Thousands of Germans have flooded the streets to protest against major electoral gains made by the far-right Alternative for Germany party, AfD.
Exit polls show the AfD has become the radical nationalist party to enter parliament since World War II.
In central Berlin, hundreds of anti-fascist protesters surrounded the club where the AfD were celebrating their win, shouting “all of Berlin hates the AfD” and “Nazis raus” or “Nazis out.” Police blocked the club's entrance and made a handful of arrests over “small incidents,” according to authorities.
Exit polls show the AfD have won about 13.5 percent of the vote, guaranteeing them around 90 seats in the Bundestag – a surprise result for a far-right party frequently accused of harboring Nazi revivalist ambitions.
Smaller protests were held in other German cities, including Cologne in the west, where around 400 people gathered, and in the northern port city of Hamburg, where demonstrators marched towards the party's local headquarters.
While exit polls show that incumbent Chancellor Angela Merkel's Christian Democratic Union party was the election's big winner with 32.5 percent support, AfD's success has upended the post-unification status quo and shown the strength of Europe's far right.
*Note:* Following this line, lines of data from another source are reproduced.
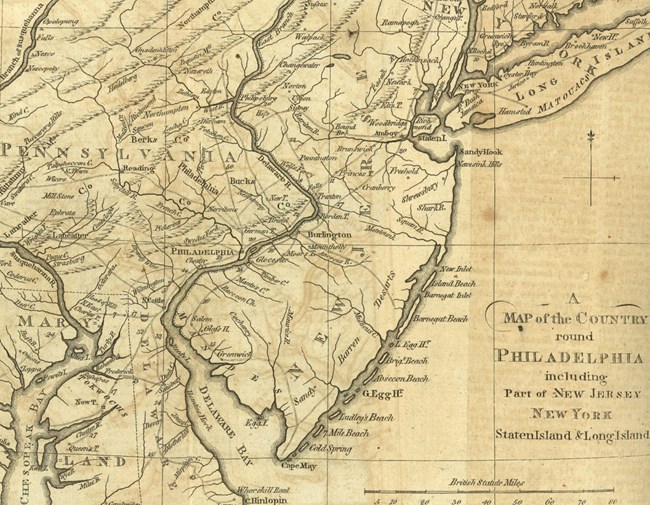 Historic map from 1776 depicts New Jersey’s major towns and rivers, as well as settlements in nearby Pennsylvania, Maryland, and New York, in black ink on a parchment background. NJ’s southeast coast is labeled as “Sandy Barren [Deserts].”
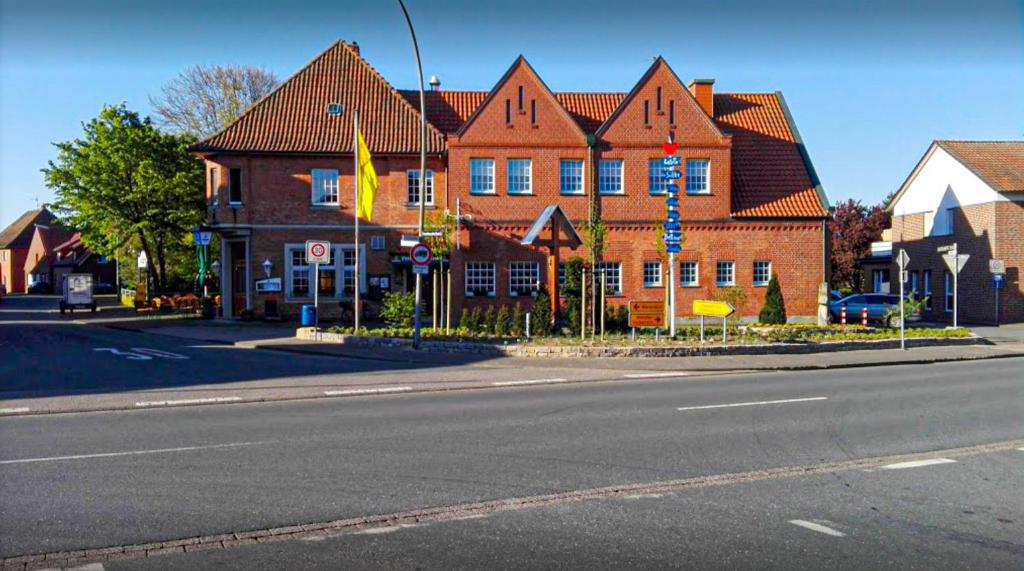 een groot bakstenen gebouw aan de kant van een straat bij Gasthof-Hotel Biedendieck in Warendorf
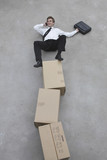 Photo: businessman balancing on stack of cardboard boxes, using mobile phone, elevated view businessman balancing on stack of cardboard boxes, using mobile phone, elevated view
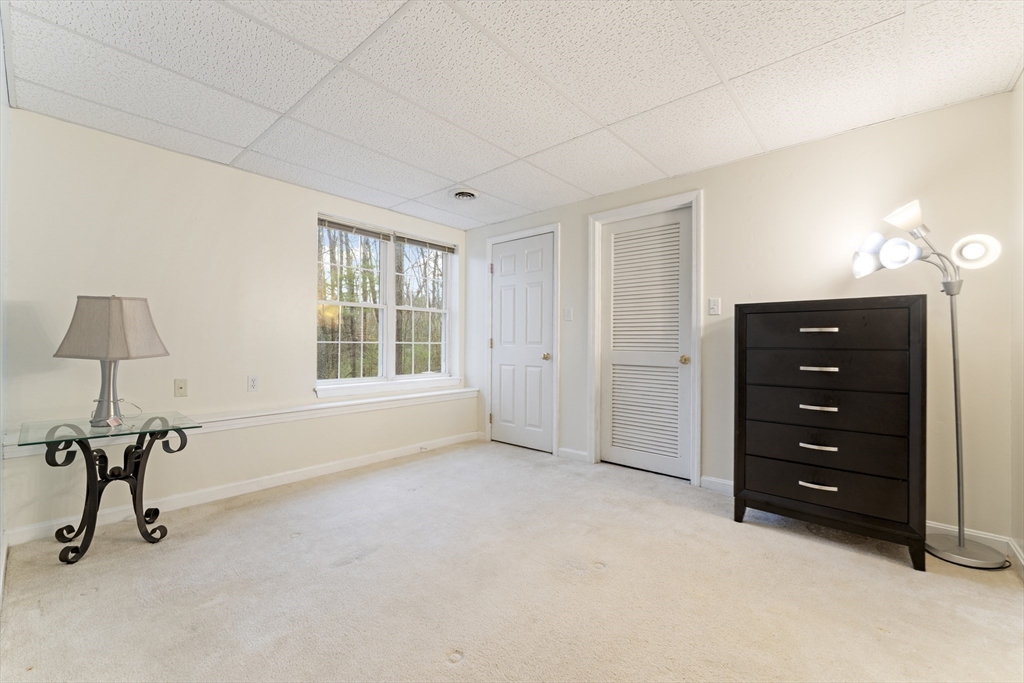 7 Millers Way, Unit C Sutton, MA 01590 - Photo 20 of 28 a view of an empty room with a window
Leading AfD candidate Alexander Gauland vowed his party would "hunt" the new government, whatever its make-up, adding: "We'll get our country and our people back."
During the election campaign, the party's leading candidates said that Germans should show pride in its war veterans — including those who fought for Adolf Hitler's Third Reich — and claimed that terror is grounded in the Muslim religion.
In France, far-right leader Marine Le Pen congratulated the AfD, tweeting: "Bravo to our AfD allies for this historic showing!"